[Recorded data]
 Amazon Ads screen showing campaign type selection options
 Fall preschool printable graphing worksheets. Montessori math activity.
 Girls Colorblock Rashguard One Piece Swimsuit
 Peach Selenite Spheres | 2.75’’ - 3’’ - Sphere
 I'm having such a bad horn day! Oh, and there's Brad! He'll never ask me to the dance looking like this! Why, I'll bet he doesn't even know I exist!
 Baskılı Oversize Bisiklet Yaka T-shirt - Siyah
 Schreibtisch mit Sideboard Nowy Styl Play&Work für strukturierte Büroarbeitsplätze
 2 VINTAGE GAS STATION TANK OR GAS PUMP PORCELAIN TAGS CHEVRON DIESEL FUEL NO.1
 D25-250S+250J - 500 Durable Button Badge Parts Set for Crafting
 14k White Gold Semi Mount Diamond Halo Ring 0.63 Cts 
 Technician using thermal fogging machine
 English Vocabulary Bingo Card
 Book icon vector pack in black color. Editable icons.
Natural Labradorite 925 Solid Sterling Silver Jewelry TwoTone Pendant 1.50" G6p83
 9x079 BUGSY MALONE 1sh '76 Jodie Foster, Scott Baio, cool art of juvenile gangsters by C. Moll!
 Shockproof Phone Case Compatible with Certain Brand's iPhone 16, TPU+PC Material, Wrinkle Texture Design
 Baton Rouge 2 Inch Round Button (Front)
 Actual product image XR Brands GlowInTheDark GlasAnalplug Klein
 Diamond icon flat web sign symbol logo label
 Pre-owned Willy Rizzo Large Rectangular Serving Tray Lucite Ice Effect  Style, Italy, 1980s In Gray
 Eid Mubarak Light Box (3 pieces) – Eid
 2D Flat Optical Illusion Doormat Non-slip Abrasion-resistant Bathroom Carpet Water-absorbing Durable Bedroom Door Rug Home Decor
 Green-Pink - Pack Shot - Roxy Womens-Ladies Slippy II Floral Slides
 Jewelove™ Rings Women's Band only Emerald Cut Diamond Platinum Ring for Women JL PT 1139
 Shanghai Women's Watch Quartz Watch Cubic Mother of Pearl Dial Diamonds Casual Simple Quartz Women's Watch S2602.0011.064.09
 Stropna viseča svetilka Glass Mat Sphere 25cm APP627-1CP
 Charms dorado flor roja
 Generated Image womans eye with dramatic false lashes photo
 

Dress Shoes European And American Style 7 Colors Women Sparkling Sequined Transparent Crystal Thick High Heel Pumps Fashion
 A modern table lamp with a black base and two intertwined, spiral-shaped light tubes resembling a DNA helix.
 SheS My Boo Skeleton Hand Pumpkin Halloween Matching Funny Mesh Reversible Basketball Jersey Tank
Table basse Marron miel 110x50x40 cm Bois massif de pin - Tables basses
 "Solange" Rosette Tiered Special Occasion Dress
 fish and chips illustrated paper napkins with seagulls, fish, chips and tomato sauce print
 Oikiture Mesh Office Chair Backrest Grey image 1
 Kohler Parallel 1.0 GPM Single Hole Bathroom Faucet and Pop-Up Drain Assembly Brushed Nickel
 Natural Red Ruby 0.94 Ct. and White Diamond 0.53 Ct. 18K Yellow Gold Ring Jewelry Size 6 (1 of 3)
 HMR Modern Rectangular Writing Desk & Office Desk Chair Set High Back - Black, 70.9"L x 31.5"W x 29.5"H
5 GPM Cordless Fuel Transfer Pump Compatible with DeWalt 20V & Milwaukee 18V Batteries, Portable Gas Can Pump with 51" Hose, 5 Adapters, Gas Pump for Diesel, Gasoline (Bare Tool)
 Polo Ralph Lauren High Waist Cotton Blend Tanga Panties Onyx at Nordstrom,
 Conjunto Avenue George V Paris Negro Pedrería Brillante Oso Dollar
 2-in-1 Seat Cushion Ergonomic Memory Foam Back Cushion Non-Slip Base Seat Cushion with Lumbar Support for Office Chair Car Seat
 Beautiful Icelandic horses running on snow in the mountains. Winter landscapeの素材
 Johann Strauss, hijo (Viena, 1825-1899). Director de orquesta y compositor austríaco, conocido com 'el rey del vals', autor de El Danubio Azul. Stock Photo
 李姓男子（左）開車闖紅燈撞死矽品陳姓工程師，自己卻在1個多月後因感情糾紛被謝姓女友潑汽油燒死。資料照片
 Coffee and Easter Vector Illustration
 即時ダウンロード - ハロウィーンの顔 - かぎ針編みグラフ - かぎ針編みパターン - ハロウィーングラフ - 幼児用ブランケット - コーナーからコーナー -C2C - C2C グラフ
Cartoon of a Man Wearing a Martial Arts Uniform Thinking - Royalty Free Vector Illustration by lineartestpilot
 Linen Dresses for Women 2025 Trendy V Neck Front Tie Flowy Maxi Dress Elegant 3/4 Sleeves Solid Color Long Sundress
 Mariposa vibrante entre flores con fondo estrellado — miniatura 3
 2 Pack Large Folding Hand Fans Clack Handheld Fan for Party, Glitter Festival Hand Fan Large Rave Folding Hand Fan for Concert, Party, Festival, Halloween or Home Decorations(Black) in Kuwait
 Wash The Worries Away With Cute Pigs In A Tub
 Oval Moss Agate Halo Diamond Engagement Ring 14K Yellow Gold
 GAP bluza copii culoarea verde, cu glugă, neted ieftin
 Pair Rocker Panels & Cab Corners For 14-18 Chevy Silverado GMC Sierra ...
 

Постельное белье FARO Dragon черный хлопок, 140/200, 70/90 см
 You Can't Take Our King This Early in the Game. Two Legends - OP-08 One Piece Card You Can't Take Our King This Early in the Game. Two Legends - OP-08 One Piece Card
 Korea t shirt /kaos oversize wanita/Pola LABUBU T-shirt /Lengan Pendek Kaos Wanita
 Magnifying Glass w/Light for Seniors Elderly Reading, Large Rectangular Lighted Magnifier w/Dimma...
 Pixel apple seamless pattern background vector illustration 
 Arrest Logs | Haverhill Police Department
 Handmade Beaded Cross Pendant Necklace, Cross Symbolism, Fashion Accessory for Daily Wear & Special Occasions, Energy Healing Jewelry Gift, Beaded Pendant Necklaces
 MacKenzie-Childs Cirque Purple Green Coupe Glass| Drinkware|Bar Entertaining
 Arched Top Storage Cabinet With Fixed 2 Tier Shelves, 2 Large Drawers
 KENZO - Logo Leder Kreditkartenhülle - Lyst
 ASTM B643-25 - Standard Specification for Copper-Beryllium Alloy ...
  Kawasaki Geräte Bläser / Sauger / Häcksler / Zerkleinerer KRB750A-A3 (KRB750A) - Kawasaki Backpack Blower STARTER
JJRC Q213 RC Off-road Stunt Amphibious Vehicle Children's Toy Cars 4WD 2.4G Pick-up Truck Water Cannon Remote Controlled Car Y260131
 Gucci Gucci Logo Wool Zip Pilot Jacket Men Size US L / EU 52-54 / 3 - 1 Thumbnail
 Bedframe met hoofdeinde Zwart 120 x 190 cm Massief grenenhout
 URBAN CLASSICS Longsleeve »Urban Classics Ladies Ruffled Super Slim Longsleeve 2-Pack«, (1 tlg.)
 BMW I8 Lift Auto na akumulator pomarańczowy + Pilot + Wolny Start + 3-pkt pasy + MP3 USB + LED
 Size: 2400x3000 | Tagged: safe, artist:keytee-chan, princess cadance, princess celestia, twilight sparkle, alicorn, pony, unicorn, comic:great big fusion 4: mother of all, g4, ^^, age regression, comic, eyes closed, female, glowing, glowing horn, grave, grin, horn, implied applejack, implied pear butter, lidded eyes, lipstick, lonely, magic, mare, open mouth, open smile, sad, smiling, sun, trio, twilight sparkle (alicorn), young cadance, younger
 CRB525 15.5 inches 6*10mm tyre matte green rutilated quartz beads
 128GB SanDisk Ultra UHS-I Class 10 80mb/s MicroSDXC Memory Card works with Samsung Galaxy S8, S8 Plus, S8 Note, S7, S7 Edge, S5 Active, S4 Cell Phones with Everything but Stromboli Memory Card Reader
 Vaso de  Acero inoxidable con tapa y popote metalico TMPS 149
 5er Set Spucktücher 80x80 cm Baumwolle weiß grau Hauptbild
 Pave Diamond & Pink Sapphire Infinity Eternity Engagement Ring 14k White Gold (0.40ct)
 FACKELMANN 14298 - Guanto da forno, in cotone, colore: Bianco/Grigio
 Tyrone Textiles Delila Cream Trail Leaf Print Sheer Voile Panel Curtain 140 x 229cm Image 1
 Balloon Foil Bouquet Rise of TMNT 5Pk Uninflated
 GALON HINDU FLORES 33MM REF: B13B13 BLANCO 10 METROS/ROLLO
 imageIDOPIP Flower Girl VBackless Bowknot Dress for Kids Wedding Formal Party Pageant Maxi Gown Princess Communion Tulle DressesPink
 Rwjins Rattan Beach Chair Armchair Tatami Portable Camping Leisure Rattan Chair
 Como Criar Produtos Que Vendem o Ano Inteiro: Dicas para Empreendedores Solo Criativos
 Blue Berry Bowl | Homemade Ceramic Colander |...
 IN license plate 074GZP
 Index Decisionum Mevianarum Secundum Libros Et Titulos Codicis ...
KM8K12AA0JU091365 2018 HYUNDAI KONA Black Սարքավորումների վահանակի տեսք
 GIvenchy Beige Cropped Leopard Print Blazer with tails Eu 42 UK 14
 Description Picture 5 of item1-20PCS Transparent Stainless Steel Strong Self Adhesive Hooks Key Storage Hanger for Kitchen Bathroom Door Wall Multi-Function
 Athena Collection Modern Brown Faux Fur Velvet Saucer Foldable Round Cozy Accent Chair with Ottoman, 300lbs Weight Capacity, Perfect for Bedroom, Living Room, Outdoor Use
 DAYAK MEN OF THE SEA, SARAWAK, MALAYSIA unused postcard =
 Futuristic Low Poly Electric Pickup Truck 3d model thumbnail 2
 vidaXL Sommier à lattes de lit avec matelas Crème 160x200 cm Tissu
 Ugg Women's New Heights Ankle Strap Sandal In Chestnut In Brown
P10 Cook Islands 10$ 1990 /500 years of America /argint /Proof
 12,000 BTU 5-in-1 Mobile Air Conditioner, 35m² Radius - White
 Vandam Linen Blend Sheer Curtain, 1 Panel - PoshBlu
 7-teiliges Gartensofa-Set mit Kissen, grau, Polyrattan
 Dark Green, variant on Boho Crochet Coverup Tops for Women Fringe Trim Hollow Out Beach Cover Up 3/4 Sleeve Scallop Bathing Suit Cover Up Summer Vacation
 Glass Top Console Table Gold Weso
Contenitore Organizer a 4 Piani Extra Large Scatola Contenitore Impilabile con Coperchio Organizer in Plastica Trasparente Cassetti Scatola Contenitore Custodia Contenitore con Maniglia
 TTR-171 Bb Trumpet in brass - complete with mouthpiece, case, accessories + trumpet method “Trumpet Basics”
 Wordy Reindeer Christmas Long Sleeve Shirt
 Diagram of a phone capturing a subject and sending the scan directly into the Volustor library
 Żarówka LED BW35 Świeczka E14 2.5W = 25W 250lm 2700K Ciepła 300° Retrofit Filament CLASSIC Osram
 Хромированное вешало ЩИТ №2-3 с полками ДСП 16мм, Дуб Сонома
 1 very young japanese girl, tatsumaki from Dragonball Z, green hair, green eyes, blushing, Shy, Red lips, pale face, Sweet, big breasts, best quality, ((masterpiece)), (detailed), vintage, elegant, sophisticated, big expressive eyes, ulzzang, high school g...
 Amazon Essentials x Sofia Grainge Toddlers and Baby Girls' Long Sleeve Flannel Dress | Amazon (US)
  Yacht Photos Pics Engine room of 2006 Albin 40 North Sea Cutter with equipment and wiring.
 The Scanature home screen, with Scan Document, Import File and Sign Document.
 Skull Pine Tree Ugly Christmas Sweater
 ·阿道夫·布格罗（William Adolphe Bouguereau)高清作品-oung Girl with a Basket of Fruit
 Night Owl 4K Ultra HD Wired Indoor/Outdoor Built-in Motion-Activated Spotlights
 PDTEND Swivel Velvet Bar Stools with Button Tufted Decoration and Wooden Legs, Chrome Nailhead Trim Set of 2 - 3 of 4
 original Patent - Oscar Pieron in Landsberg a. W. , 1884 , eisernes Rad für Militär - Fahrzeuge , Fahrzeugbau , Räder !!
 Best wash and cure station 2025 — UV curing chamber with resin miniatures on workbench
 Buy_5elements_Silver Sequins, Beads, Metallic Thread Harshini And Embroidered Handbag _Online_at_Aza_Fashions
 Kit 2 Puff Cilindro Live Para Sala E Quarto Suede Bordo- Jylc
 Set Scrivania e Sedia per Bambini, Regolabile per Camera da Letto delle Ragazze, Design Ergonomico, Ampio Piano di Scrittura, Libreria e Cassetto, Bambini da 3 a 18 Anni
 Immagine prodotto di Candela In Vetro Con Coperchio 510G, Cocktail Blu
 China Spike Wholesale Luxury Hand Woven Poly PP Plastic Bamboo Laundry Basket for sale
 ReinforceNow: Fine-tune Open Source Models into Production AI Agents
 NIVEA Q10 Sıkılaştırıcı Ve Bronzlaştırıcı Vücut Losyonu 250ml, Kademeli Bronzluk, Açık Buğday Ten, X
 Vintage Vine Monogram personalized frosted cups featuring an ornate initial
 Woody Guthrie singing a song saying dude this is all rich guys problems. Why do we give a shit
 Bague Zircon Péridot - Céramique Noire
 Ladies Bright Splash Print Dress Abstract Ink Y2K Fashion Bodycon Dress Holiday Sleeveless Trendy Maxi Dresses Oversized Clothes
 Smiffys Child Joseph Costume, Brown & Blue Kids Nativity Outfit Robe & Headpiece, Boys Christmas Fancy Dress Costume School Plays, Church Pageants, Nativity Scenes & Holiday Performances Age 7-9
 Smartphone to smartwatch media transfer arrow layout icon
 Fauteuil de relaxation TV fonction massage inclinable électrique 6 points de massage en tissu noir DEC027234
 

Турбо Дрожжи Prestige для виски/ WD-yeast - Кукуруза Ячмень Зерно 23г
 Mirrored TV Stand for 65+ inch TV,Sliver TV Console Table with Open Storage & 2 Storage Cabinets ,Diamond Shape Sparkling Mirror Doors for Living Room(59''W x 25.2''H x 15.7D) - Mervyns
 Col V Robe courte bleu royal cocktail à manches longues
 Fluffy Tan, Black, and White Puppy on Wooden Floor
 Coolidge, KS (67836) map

### Exercise
Give the exact lines, and only those, from the line containing "Table basse Marron" through the line containing "Beautiful Icelandic horses" in the entries above.

### Finished exercise
Table basse Marron miel 110x50x40 cm Bois massif de pin - Tables basses
 "Solange" Rosette Tiered Special Occasion Dress
 fish and chips illustrated paper napkins with seagulls, fish, chips and tomato sauce print
 Oikiture Mesh Office Chair Backrest Grey image 1
 Kohler Parallel 1.0 GPM Single Hole Bathroom Faucet and Pop-Up Drain Assembly Brushed Nickel
 Natural Red Ruby 0.94 Ct. and White Diamond 0.53 Ct. 18K Yellow Gold Ring Jewelry Size 6 (1 of 3)
 HMR Modern Rectangular Writing Desk & Office Desk Chair Set High Back - Black, 70.9"L x 31.5"W x 29.5"H
5 GPM Cordless Fuel Transfer Pump Compatible with DeWalt 20V & Milwaukee 18V Batteries, Portable Gas Can Pump with 51" Hose, 5 Adapters, Gas Pump for Diesel, Gasoline (Bare Tool)
 Polo Ralph Lauren High Waist Cotton Blend Tanga Panties Onyx at Nordstrom,
 Conjunto Avenue George V Paris Negro Pedrería Brillante Oso Dollar
 2-in-1 Seat Cushion Ergonomic Memory Foam Back Cushion Non-Slip Base Seat Cushion with Lumbar Support for Office Chair Car Seat
 Beautiful Icelandic horses running on snow in the mountains. Winter landscapeの素材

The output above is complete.